→ **MATERIAL SHOWN**

Start of Block

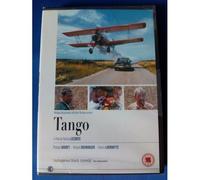 Tango Patrice Leconte Philippe Noiret Dvd (1993)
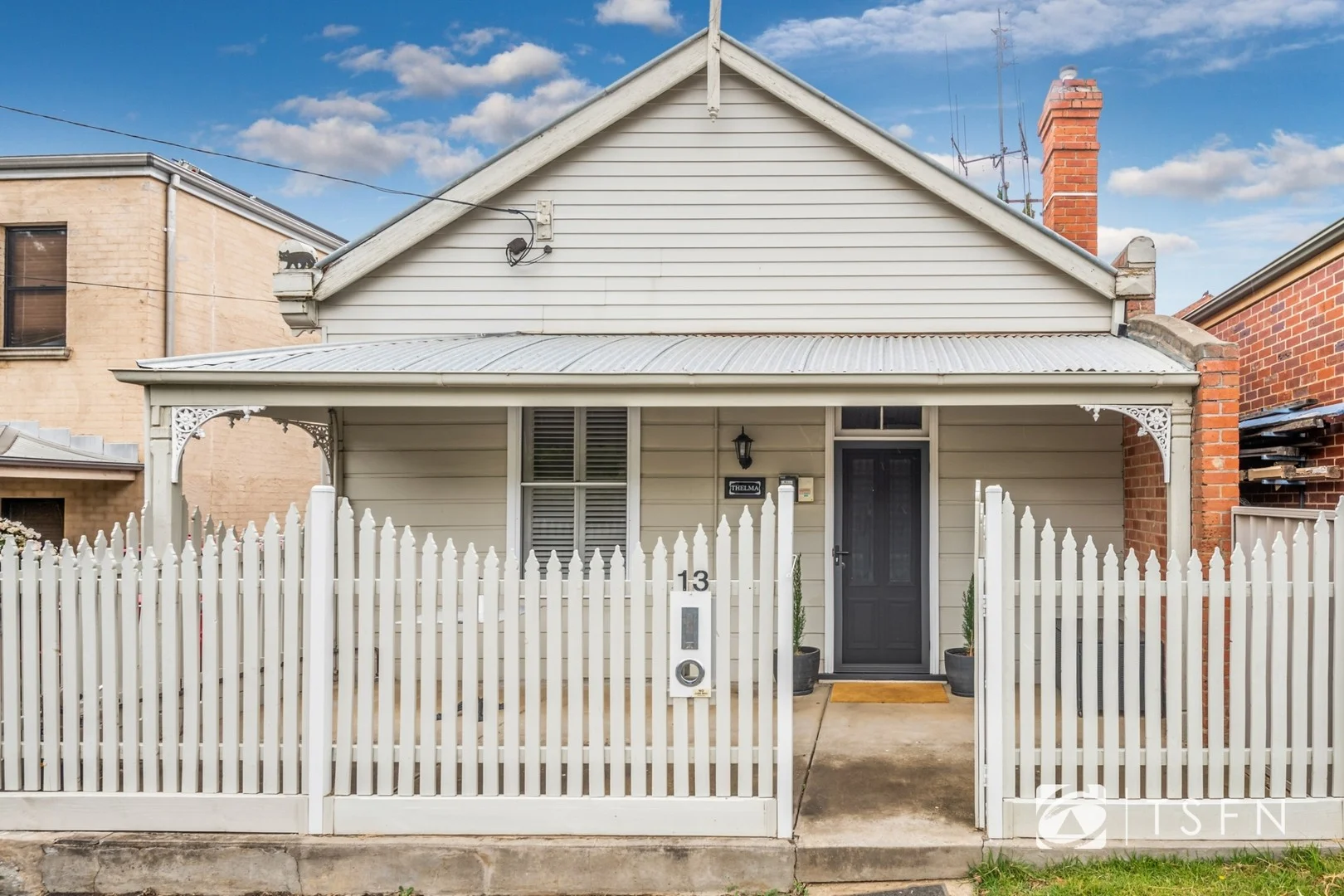13 Rosalind St, Bendigo VIC 3550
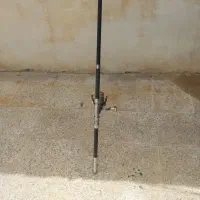 چوب  وچرخ ماهیگیری بنکس اصلی ۳۶۰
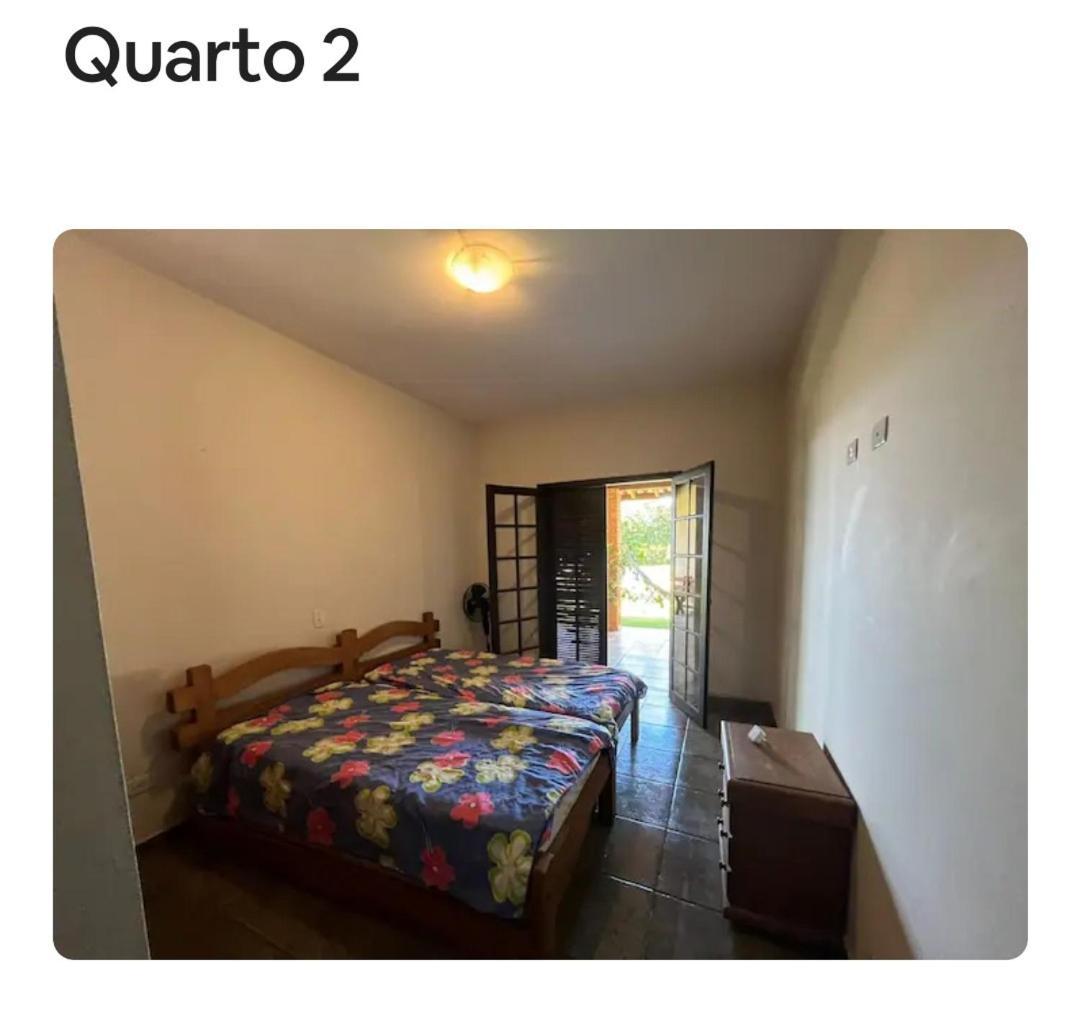 Casa Em Boituva Holiday home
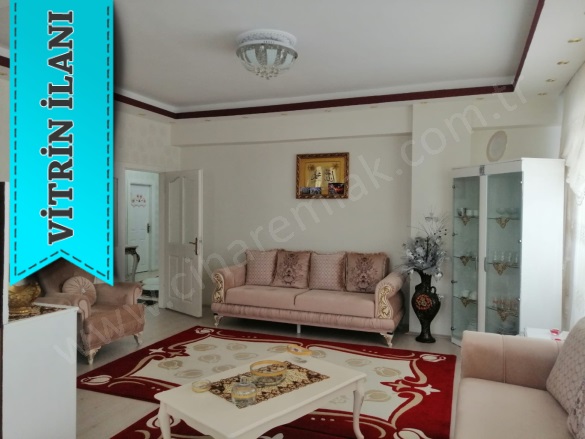 Kayakyolu Palandöken Satılık Daire |  3+1 Oda | 180M2 3.650.000Tl  Krediye Uygun  | 4. Kat | Merkezi Isınma | 1 Banyo | 2 Yatak Odası Resim-4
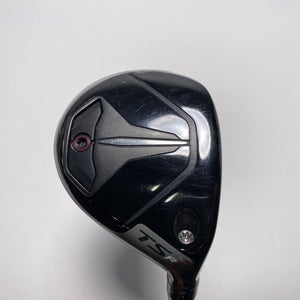 Titleist TSR1 5 Hybrid 23* Project X HZRDUS Red CB 5.5 60g Regular RH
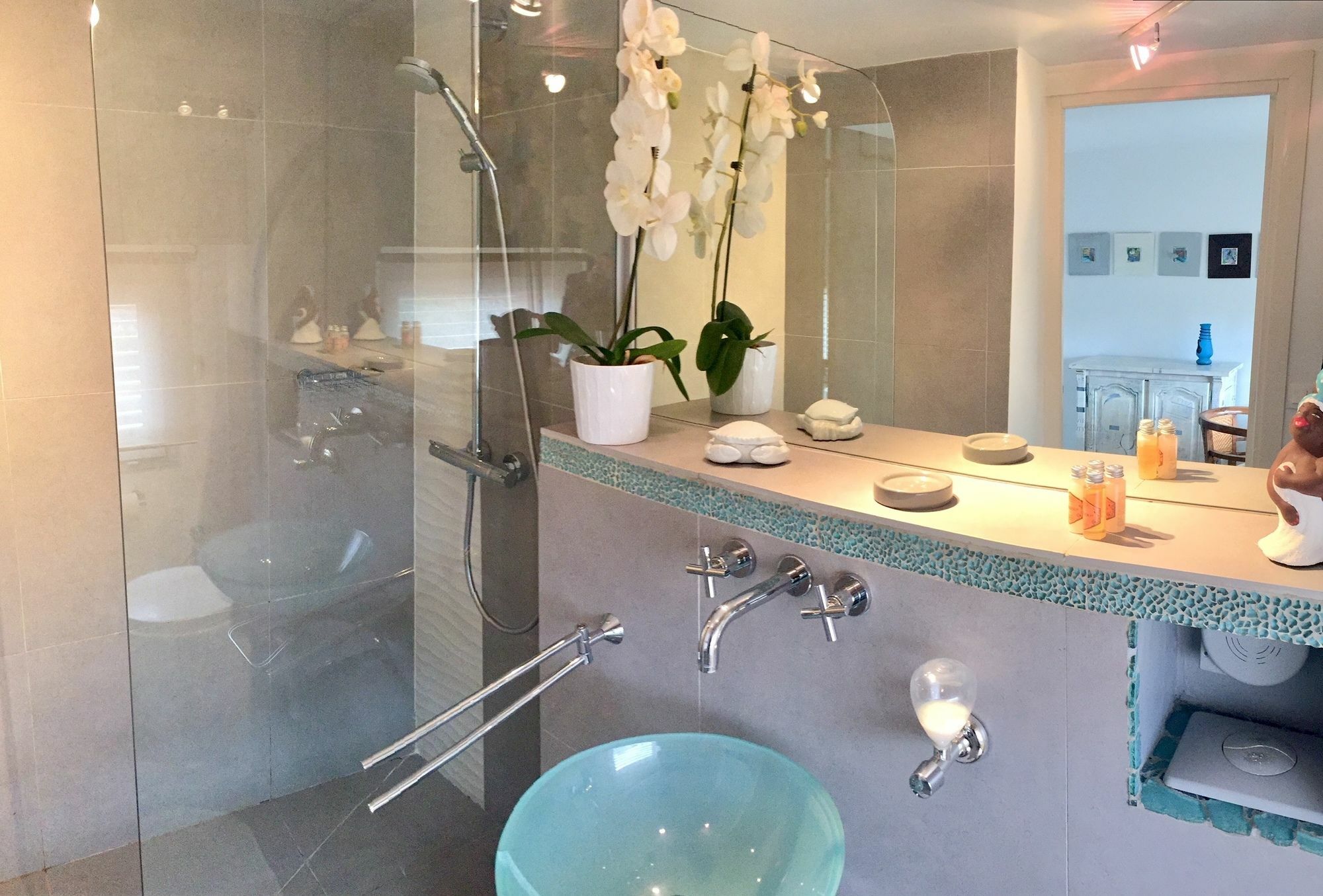 Villa Mon Reve Hyères Екстериор снимка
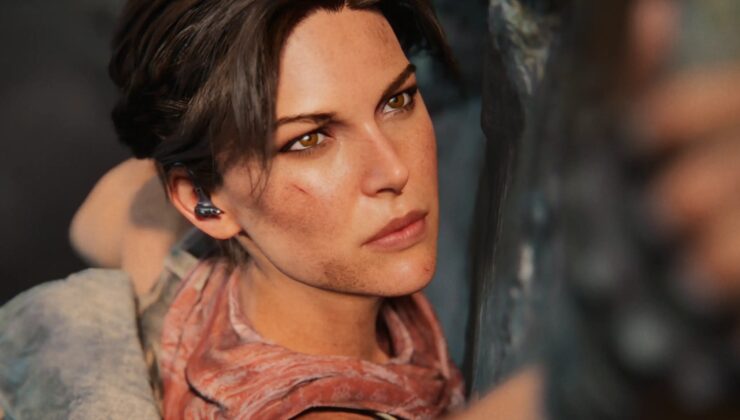 Tomb Raider Catalyst, 2028’e Ertelenmiş Üzere Duruyor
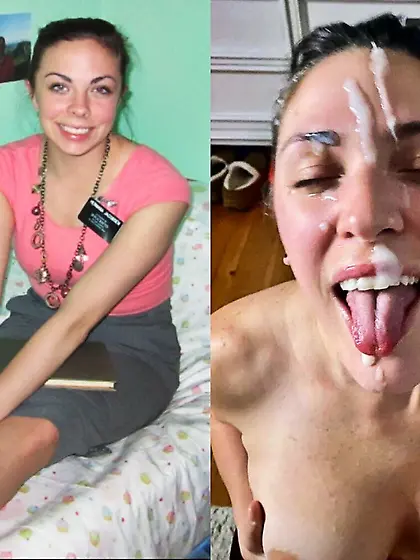 Wives and mothers before and after 6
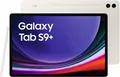 Samsung Galaxy Tab S9 Plus 12,4" 512GB [Wi-Fi] beige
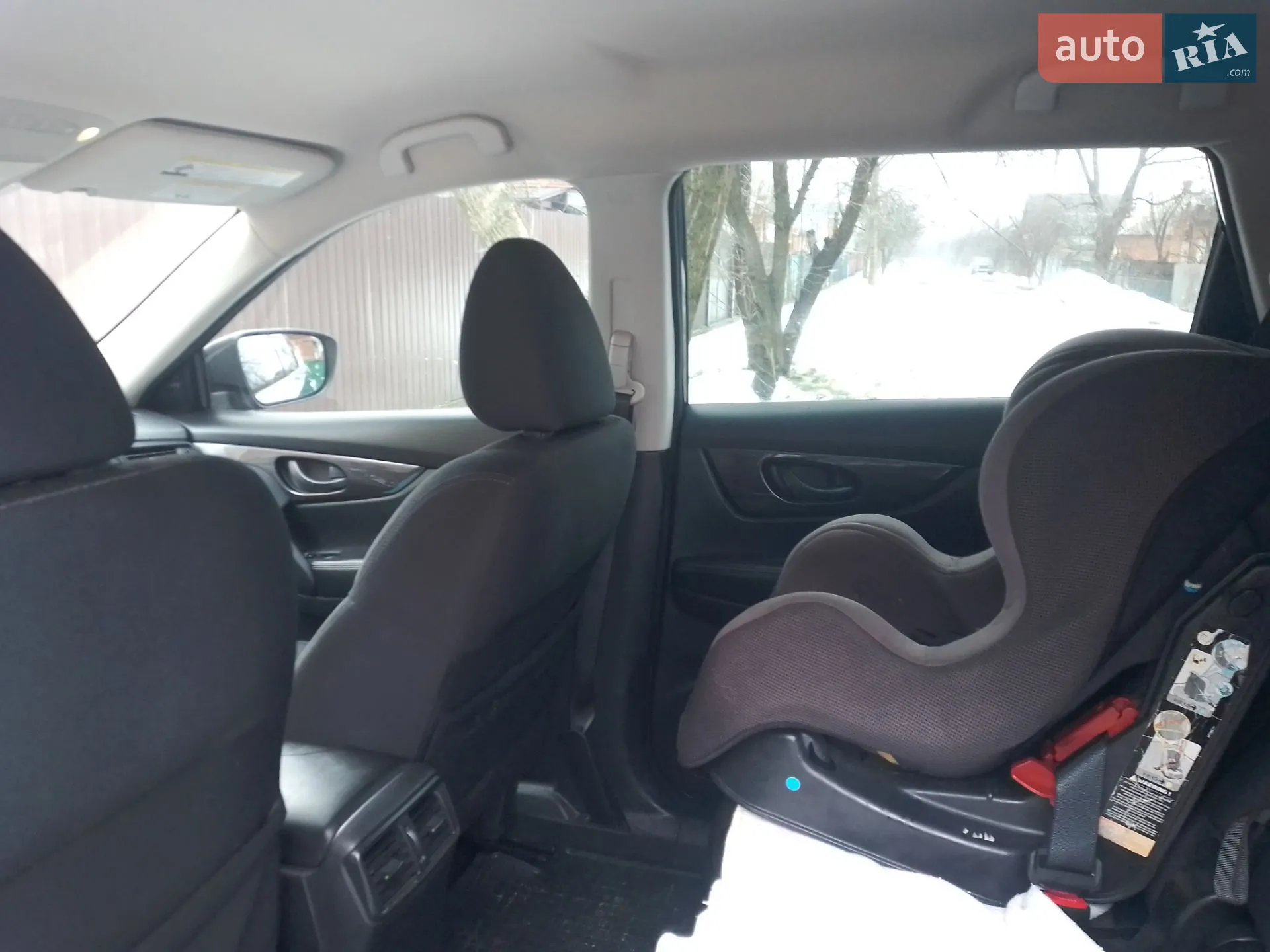 2019 Nissan Rogue - мініатюра 58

End of Block

→ **WORK TASK**
Only the lines starting at the one that holds "Wives and mothers before and after 6" and ending at the last line of the data belong in your answer. Please set them down exactly and omit the pictures.

→ **OUTPUT OF THE TASK**
 Wives and mothers before and after 6
 Samsung Galaxy Tab S9 Plus 12,4" 512GB [Wi-Fi] beige
 2019 Nissan Rogue - мініатюра 58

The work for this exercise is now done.